Madam Ambassador

Allie Rothman, Staff Writer

“Hi gorgeous! We had a glimpse of your page and thought you were just stunning and would make a perfect fit as a model for our brand!” An Instagram clothing brand account, BabeEssentials, direct messages “We’d love to get you started as soon as possible by sending over our items to you! You take care of shipping, and we’ll take care of the rest!” What a business tactic.

The “DoSomething” mental health campaign says 91% of teenage girls have admitted to being unhappy with their bodies, and as outrageous as the number is, it doesn’t sound unrealistic. With a rise in the amount of “models” advertised across social media platforms; selling weight loss remedies, teeth whitening, eyelash serums and other beautification products, it’s no surprise teenage girls are so ridiculously self-conscious.
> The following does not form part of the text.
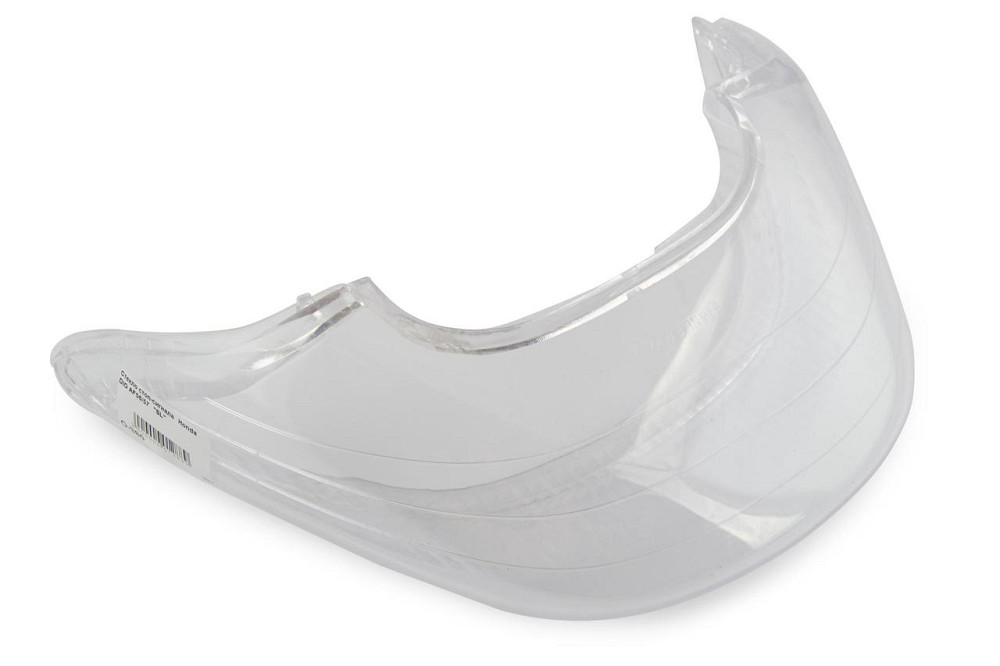 Стекло стоп-сигнала   скутер Хонда Дио AF56/57 Мукачево - изображение 1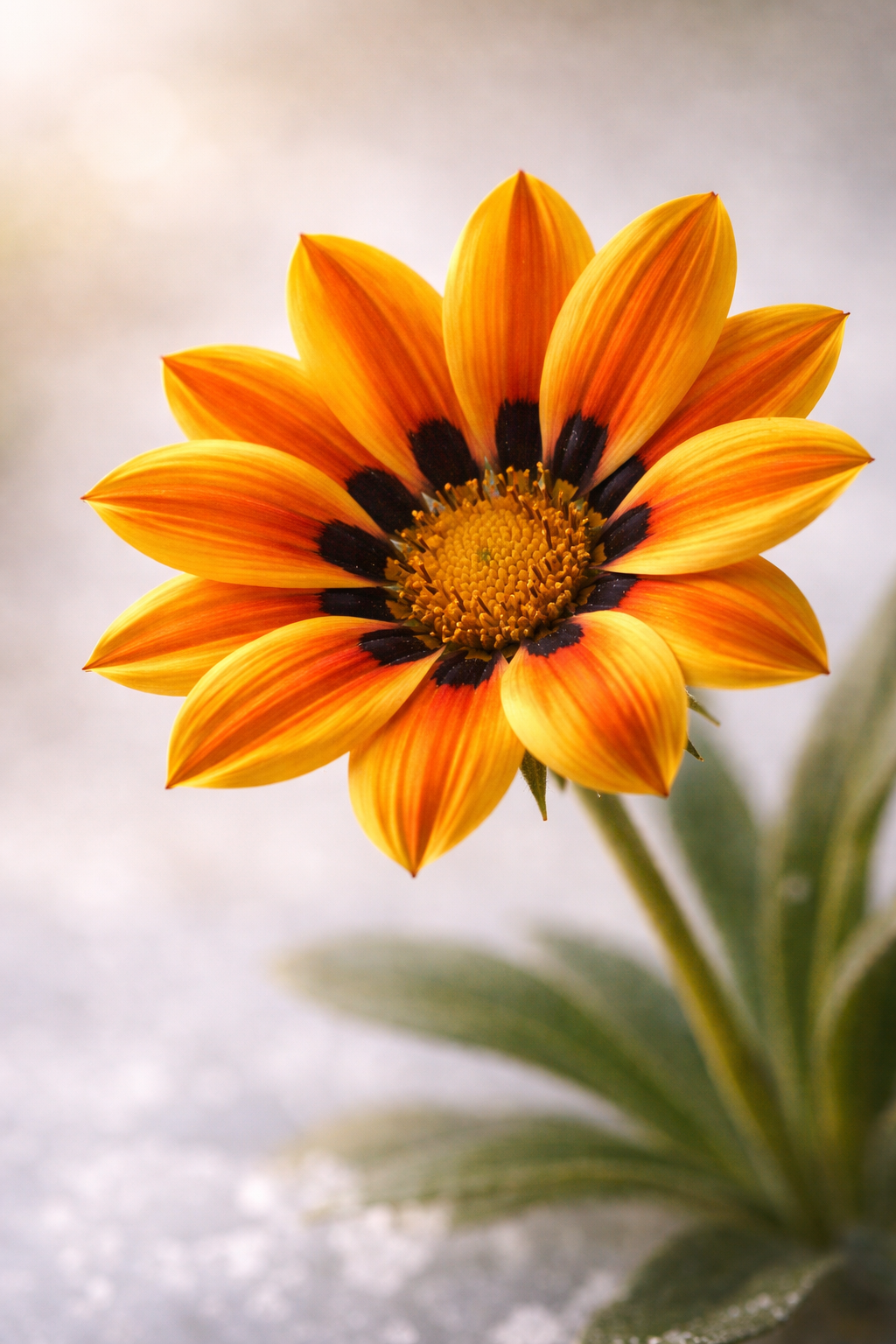 ChatGPT Image 2026년 1월 20일 오전 07_36_01.png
These women, posing in front of professional cameras with these seemingly perfect features are telling social-media users that they could look better, that they should look better.

The most overwhelming technique, however, is the motive for companies to reach out to teenagers personally, asking them to be an “ambassador” for their brand.  It involves buying one or more of their products, taking some sort of photo with it, and sending it back to the brand for them to “feature” on their page. It seems harmless.

This had happened to me once. It was some clothing brand that I’ve never heard of. When they direct messaged me, the immediate feeling was flattery, “Wow, they want me? Really? I must really be special or something!” Then, I followed directions, visiting the website looking for some product to purchase. The prices were insane. I thought, “Who would pay $40 for a pair of sunglasses?”. Someone who wants the validation that was offered to them. At first, I wanted that validation. It was hard to resist, I had envisioned myself featured on the brand’s instagram page; perfect lighting, a wide smile, and thousands of likes, just for wearing some clothes. But, then I thought “what would that accomplish for me? Some followers? Some praise? I don’t need that, teenage girls don’t need that. We’re worth more than the likes of a picture in $40 sunglasses.

It’s a cruel approach, using  the low confidence of young women as leverage. But, to Brands like these, it’s strictly business. Feeding off of the low self esteem of teenage girls, somewhat brainwashing them with flattery and praise for their physical appearance, and encouraging the purchase of their products is the strongest way to build a business platform.